Integrity is the most important problem in INFOSEC. In both government and criminal forensics, I've often worried about tampering with data. Courts usually assume this isn't the case. The government might too for most systems. The exceptions that check provenance and integrity are mostly used by intelligence agencies. So, the problem still stands, it certainly merits consideration in a TLA, and I don't think the INFOSEC field has done enough to address it.

@ Ntk

"Here's an idea: encrypt documents with a key, distribute the key to those who have a need to know. Too simple? Why wouldn't it work?"

An insecure underlying system...
Governments' many stringent rules about processing classified information...
Revocation...
Tracking of distribution to others...
Foreign interoperability...
Conflicting certification standards...
Compatibility with existing tech standards...
Vendor-neutral purchasing policies with vendor-chosen tech...
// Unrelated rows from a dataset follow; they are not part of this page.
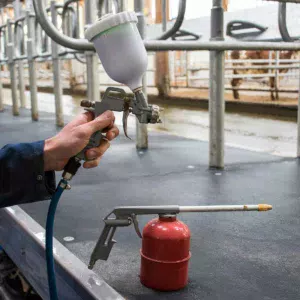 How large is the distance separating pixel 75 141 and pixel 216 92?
112 centimetres

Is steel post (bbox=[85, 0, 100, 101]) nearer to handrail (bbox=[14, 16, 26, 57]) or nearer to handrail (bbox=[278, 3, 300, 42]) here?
handrail (bbox=[278, 3, 300, 42])

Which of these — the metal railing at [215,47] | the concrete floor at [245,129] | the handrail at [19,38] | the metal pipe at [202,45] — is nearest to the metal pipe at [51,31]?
the metal railing at [215,47]

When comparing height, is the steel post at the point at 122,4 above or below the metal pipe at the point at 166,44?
above

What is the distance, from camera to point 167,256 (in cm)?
82

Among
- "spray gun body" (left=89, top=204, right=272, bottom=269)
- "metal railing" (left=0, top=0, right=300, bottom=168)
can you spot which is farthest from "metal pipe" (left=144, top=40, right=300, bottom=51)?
"spray gun body" (left=89, top=204, right=272, bottom=269)

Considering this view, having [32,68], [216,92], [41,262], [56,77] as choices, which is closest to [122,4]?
[216,92]

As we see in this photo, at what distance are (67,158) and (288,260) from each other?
50cm

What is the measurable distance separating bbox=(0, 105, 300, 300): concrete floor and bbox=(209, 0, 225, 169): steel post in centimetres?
8

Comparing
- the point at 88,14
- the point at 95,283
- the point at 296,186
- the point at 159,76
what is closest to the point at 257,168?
the point at 296,186

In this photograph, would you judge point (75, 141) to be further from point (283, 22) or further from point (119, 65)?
point (283, 22)

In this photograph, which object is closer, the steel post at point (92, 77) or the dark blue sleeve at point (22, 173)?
the dark blue sleeve at point (22, 173)

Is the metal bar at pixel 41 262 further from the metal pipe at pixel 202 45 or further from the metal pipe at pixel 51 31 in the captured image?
the metal pipe at pixel 202 45

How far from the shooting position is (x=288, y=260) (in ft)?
3.04

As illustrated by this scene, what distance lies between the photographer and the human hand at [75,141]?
708mm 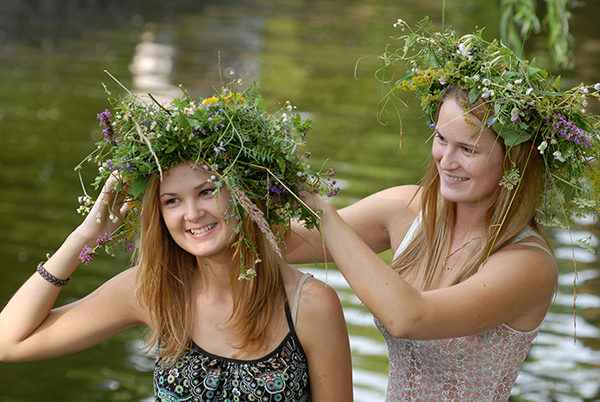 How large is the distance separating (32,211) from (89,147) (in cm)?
181

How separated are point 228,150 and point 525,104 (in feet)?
3.29

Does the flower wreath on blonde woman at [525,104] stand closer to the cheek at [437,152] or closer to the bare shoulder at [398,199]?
the cheek at [437,152]

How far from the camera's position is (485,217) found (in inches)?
101

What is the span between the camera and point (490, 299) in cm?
232

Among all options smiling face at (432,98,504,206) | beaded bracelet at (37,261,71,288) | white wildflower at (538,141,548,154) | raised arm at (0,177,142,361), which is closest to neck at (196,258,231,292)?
raised arm at (0,177,142,361)

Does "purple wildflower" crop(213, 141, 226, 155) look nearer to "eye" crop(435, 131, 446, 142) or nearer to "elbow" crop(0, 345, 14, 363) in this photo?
"eye" crop(435, 131, 446, 142)

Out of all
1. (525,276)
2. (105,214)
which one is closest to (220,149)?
(105,214)

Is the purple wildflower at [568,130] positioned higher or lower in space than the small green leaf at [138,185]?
higher

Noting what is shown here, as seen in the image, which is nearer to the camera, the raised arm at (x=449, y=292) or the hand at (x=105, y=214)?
the raised arm at (x=449, y=292)

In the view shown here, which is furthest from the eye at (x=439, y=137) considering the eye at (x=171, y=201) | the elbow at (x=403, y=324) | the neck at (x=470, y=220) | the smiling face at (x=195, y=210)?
the eye at (x=171, y=201)

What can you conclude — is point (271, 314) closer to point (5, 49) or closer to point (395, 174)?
point (395, 174)

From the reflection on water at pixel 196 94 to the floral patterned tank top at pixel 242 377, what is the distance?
3.18 ft

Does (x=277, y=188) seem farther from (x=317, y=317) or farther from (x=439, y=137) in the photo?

There are so many things preventing simple solutions to the DOD's problems. DOD is extremely complicated in many ways. This means solutions to its larger problems are often complicated as well.

DOD operations just need a total redesign and reboot...

AndyAugust 29, 2013 4:36 PM

I didn't think that anybody thought that there'd never been another leak. Secret services have never worked on the assumption that there'd be absolutely no switching sides and double agents. That NSA have no idea of what Snowden took is probably disinformation.
Would the disinformation theory not be adding insult to injury, kind of shooting your foot for good measure, while the wound from someone else shotgunning your kneecaps is still bleeding? What / where would be the benefit for the NSA to misinform on this issue?

Also all the tactics and procedures regarding possible double agents and how to prevent / locate / deal with them might have got stuck somewhere in the analog age after the cold war ended. This was a time when paper files contained the juicy bits and decent vaults for locking them where the hurdle to overcome in acquiring them. But maybe I am off base here with my assumptions.

NobodyspecialAugust 29, 2013 4:38 PM

You outsource your IT system to the cheapest bidder, they hire subcontractors who know they will be fired the moment it is more profitable to do so and it's all run by career politicians who everybody despises.
And yet everybody assumes that a WWII Bletchley park, take the secrets to the grave, attitude would be the default ?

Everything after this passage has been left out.